Great pics! Looks like you all had fun!


----------



## Guest (Aug 31, 2008)

wow that looked lovely, great for your dogs! Love it when i see pics of labs around water =]


----------



## andrea 35 (Nov 22, 2007)

Ive uploaded an album for anyone wanting to look through some of our dog related holiday snaps from wales , I can highly recomend where we went to as the ultimate in dog friendly accomadation .


----------



## Guest (Aug 31, 2008)

andrea, they are great pics....dogs look so happy dont they, ur sons a lovely looking lad  gonna break some hearts wen he is older.
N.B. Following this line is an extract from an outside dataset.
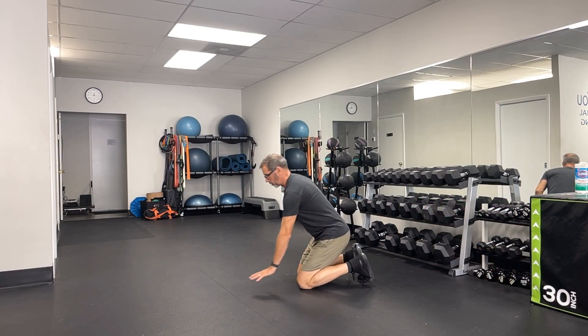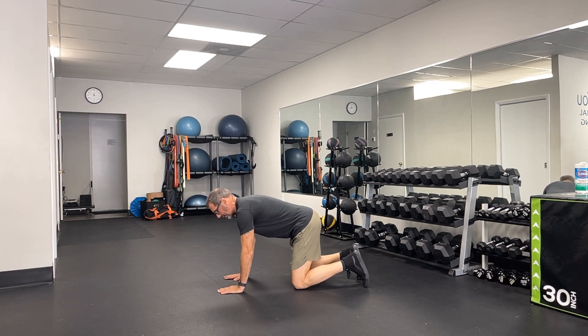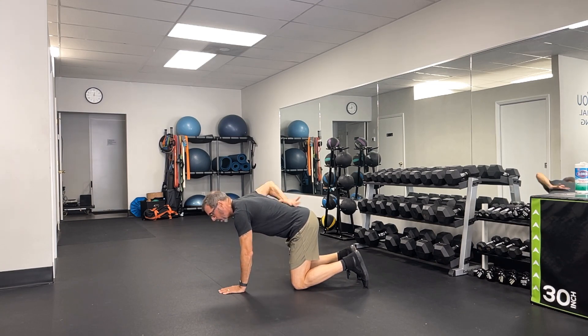Bird Dog Knee to Elbow. So this is a great core exercise. I'm going to start in this tabletop position. I've got my hand directly under my shoulder, knees under my hips, nice tight core, neutral spine.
it does look like a great place to take the family...maybe one day aye )


----------



## andrea 35 (Nov 22, 2007)

Its not too expensive if you can go out of school time and she will let you go for long weekends if a whole week isnt already booked . we will go back next year the cottage may not be the height of interior design but with some people taking 9 dogs with em its gonna be basic but the views are stunning . Thanks loe Kyle is a bit of a looker and he is just starting to know it lol .


----------



## happysaz133 (Jun 5, 2008)

What great photos, beautiful dogs!


----------



## Fleur (Jul 19, 2008)

It looks fantastic.
You have a lovely family, and you all look as if you were having a great time.


----------



## Joliefemm (Sep 1, 2008)

The pics of your Labbie carrying around a large stick is so appropriate  I don't get the fascination of Labs with sticks, but if it makes them happy .........


----------



## gillieworm (Jul 4, 2008)

You have got some amazing photos, are you a photographer? If not you definitely have a talent 

Love the pic of Daisey & Jess lay on their backs in bed


----------



## andrea 35 (Nov 22, 2007)

gillieworm said:


> You have got some amazing photos, are you a photographer? If not you definitely have a talent
> 
> Love the pic of Daisey & Jess lay on their backs in bed


Thanx Gillie, i cant take merrit for all the photos they are a mix of mine and the O/H he took his on his camera phone really good camera on it . he has an eye for the more arty shots i just went for comedy value and got some good shots in the process lol . The pic of them on the bed in the holiday cottage was not staged they really did take them selves off and got cosy on the bed lol .


----------